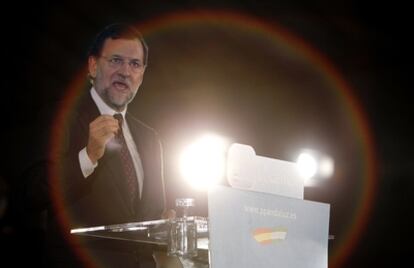 Mariano Rajoy durante su intervención en Mairena del Aljarafe.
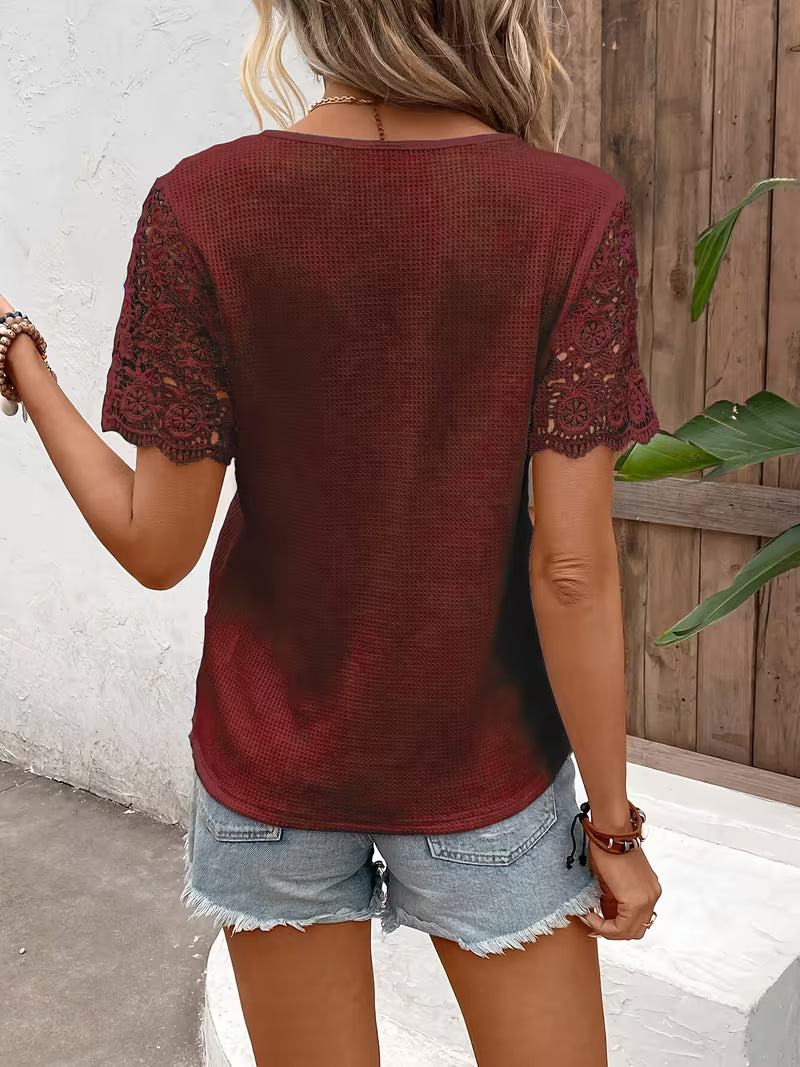 Sinna - Top a Maniche Corte Con Scollo a V E Inserti in Pizzo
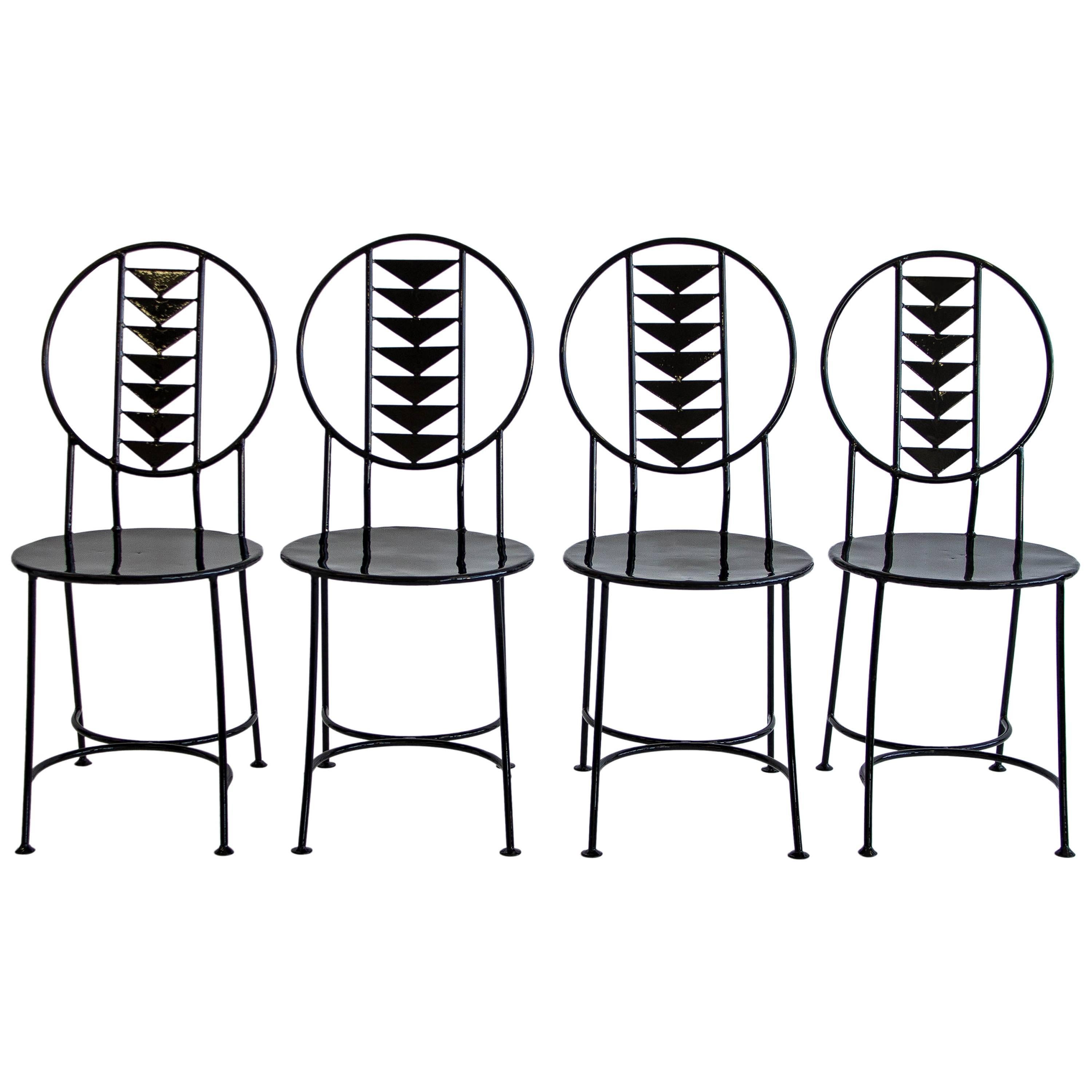Set of Wrought Iron Chairs in the Style of Frank Lloyd Wright's Midway Chair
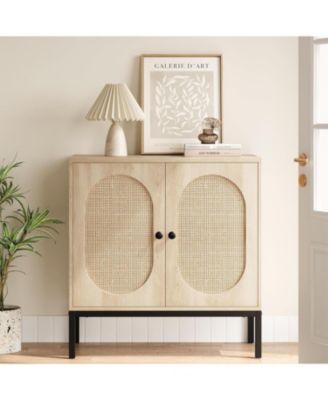 Sideboard Buffet Cabinet with Storage, Accent Cabinet with Rattan Doors,Adjustable Shelf & Metal Feet,Coffee Bar Liquor Cabinet for Living Room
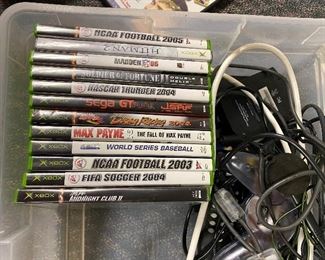 XBox games and system - NCAA Football 2003, NCAA Football 2005, FIFA Soccer 2004, World Series Baseball, Max Payne, IHRA Drag Racing, Sega GT, NASCAR Thunder 2004, Soldier of Fortune II, Madden 06, Hitman 2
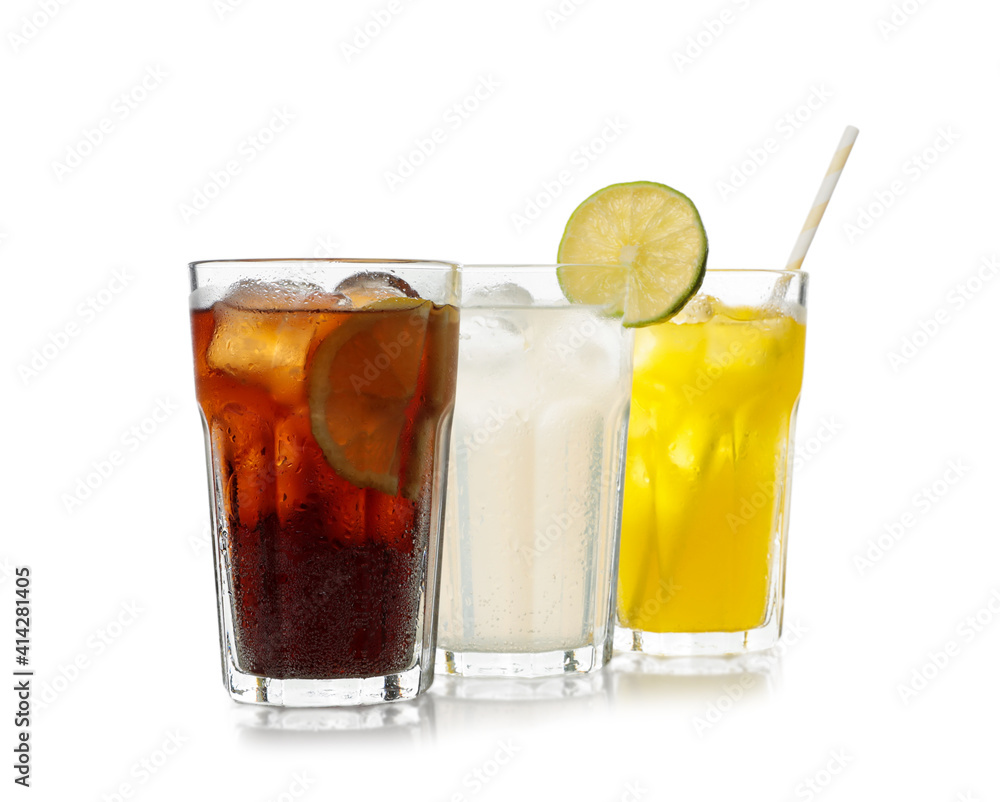 Delicious refreshing drinks in glasses on white background Delicious refreshing drinks in glasses on white background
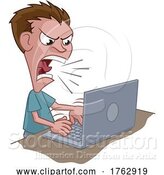 Vector Illustration of Cartoon Angry Stressed Guy Shouting at Laptop Cartoon by AtStockIllustration
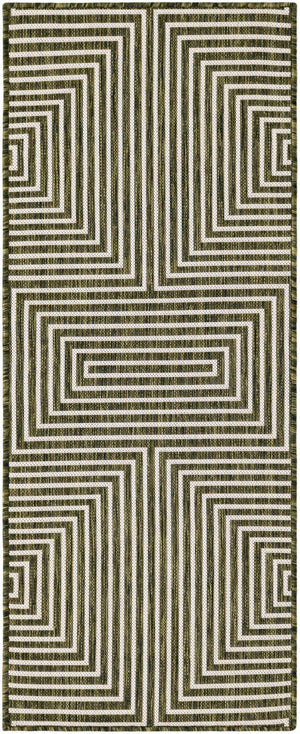 Green 2' x 5' 3 Outdoor Modern Runner Area Rug Weather Resistant for Patio, Deck, Terrace, Balcony, Porch 100% Polypropylene Modern Outside Carpet for Sale at Rug Engine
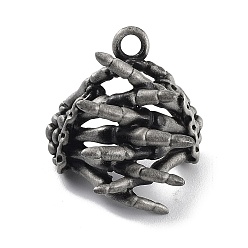 Antique Silver Tibetan Style Alloy Pendant, Frosted, Skeleton Hand, Antique Silver, 29x25x8mm, Hole: 3.2mm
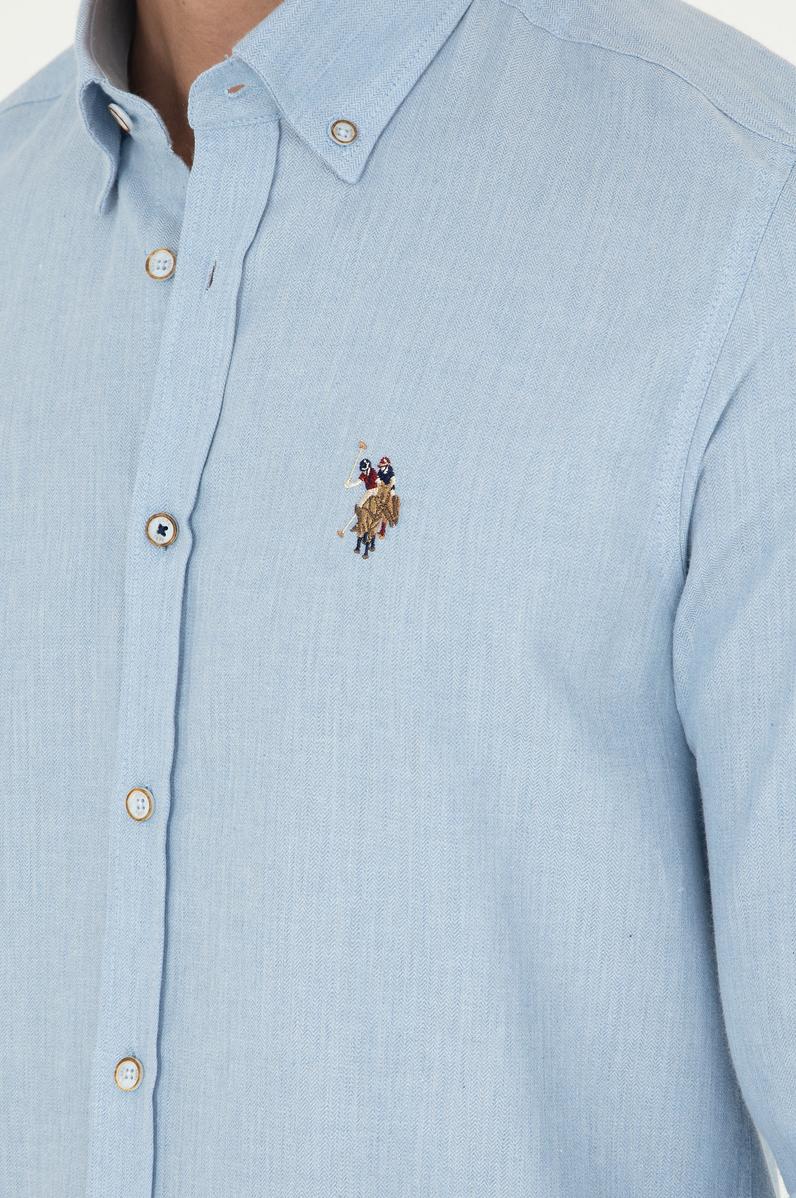 Erkek Açık Mavi Uzun Kollu Basic Gömlek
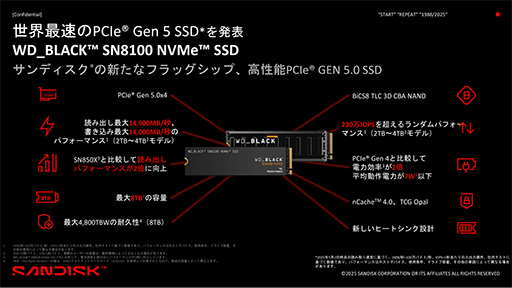 ꡼ No.004Υͥ / PCIe 5.0бǤ®ʤäM.2 SSDWD_BLACK SN8100פ6ܤȯ䡣̤1/2/4TBǡ8TBǥȯ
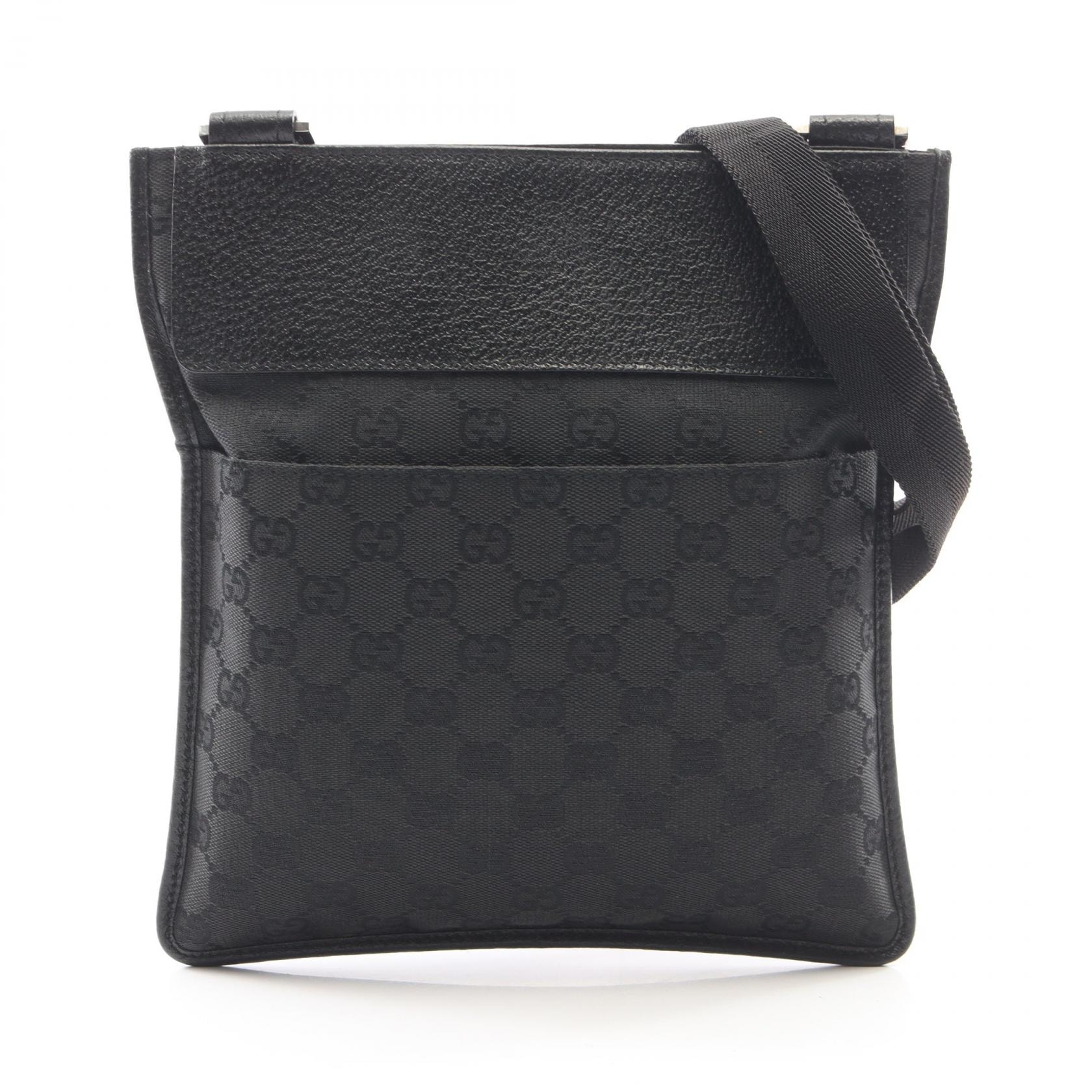 グッチ GUCCI GGキャンバス ショルダーバッグ バッグ キャンバス レザー レディース ブラック系 27639 【中古】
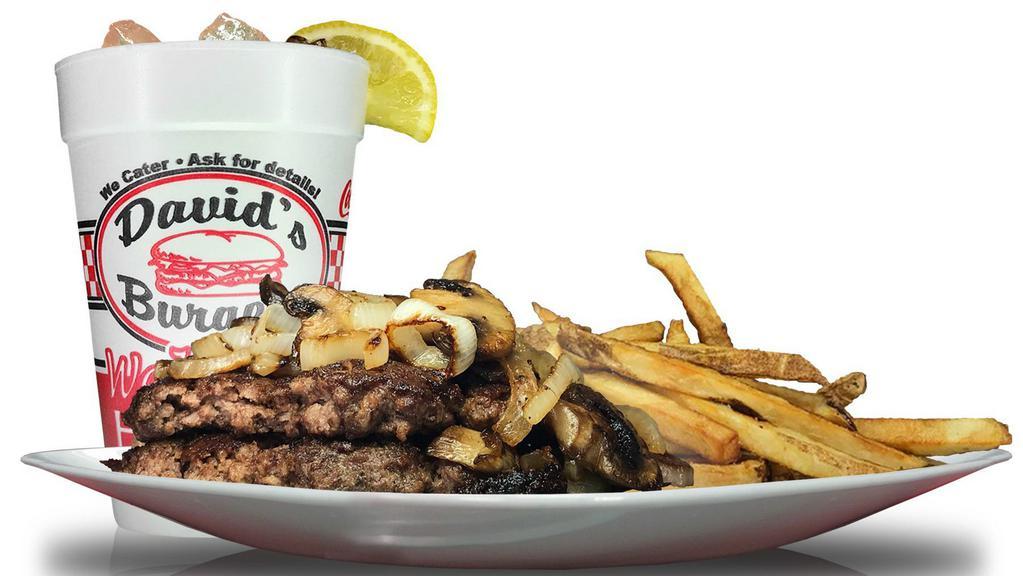 #5. Hamburger Steak Combo · Have it single or double, topped with grilled mushrooms and onions.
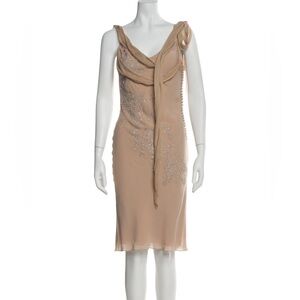 Christian Dior - John Galliano 2000s Nude Champagne silk bias slip dress. Size S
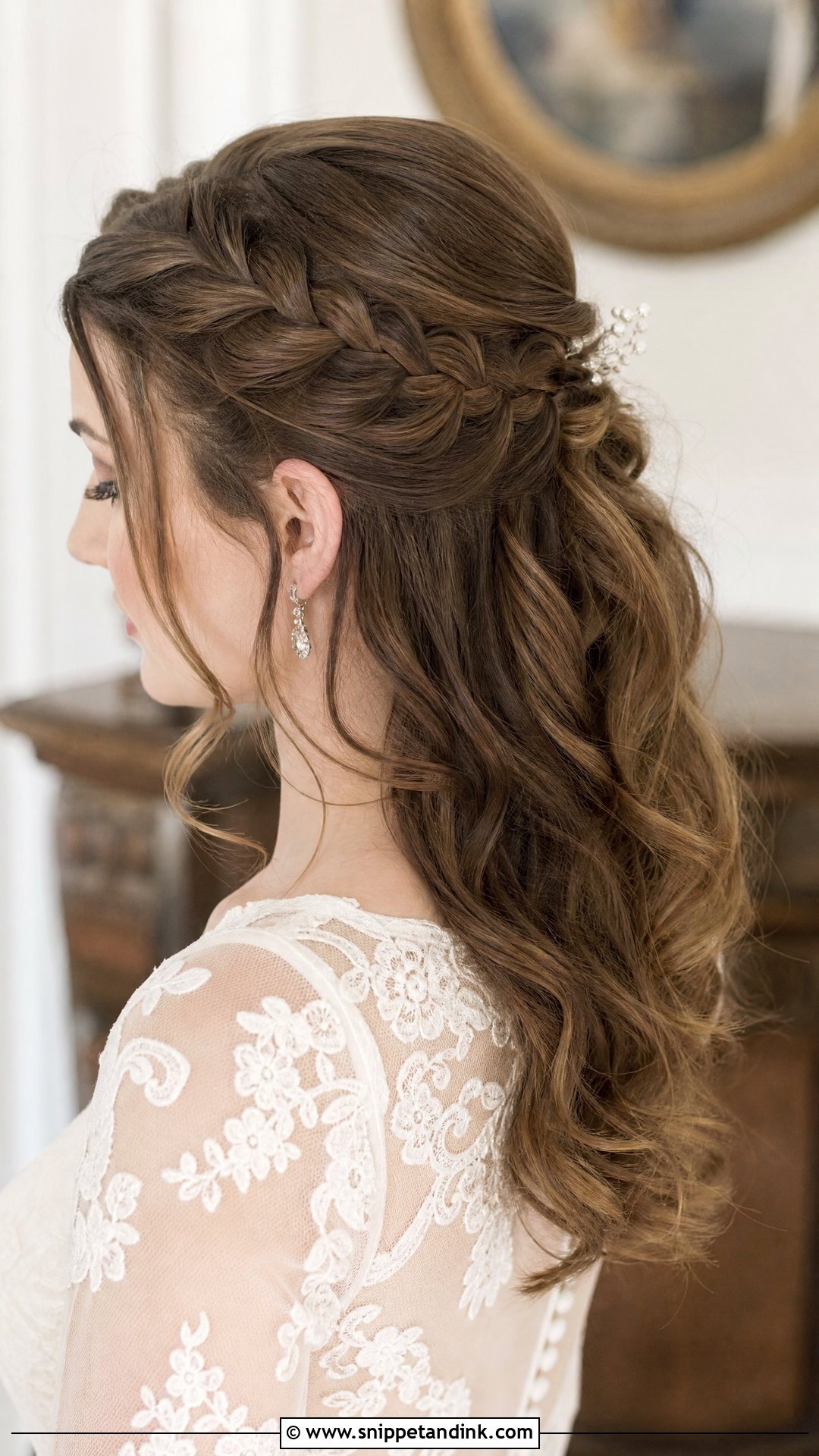 Half Up French Braid Bridal Hairstyle - Snippet and Ink - 20 Half-Up Wedding Hairstyles for Long Hair the Bride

++++++

GOAL OF THE EXERCISE:
Please print the listing above again word for word, without its pictures.

SOLUTION FOR THIS PROBLEM:
 Mariano Rajoy durante su intervención en Mairena del Aljarafe.
 Sinna - Top a Maniche Corte Con Scollo a V E Inserti in Pizzo
Set of Wrought Iron Chairs in the Style of Frank Lloyd Wright's Midway Chair
 Sideboard Buffet Cabinet with Storage, Accent Cabinet with Rattan Doors,Adjustable Shelf & Metal Feet,Coffee Bar Liquor Cabinet for Living Room
 XBox games and system - NCAA Football 2003, NCAA Football 2005, FIFA Soccer 2004, World Series Baseball, Max Payne, IHRA Drag Racing, Sega GT, NASCAR Thunder 2004, Soldier of Fortune II, Madden 06, Hitman 2
 Delicious refreshing drinks in glasses on white background Delicious refreshing drinks in glasses on white background
 Vector Illustration of Cartoon Angry Stressed Guy Shouting at Laptop Cartoon by AtStockIllustration
 Green 2' x 5' 3 Outdoor Modern Runner Area Rug Weather Resistant for Patio, Deck, Terrace, Balcony, Porch 100% Polypropylene Modern Outside Carpet for Sale at Rug Engine
 Antique Silver Tibetan Style Alloy Pendant, Frosted, Skeleton Hand, Antique Silver, 29x25x8mm, Hole: 3.2mm
 Erkek Açık Mavi Uzun Kollu Basic Gömlek
 ꡼ No.004Υͥ / PCIe 5.0бǤ®ʤäM.2 SSDWD_BLACK SN8100פ6ܤȯ䡣̤1/2/4TBǡ8TBǥȯ
 グッチ GUCCI GGキャンバス ショルダーバッグ バッグ キャンバス レザー レディース ブラック系 27639 【中古】
 #5. Hamburger Steak Combo · Have it single or double, topped with grilled mushrooms and onions.
 Christian Dior - John Galliano 2000s Nude Champagne silk bias slip dress. Size S
 Half Up French Braid Bridal Hairstyle - Snippet and Ink - 20 Half-Up Wedding Hairstyles for Long Hair the Bride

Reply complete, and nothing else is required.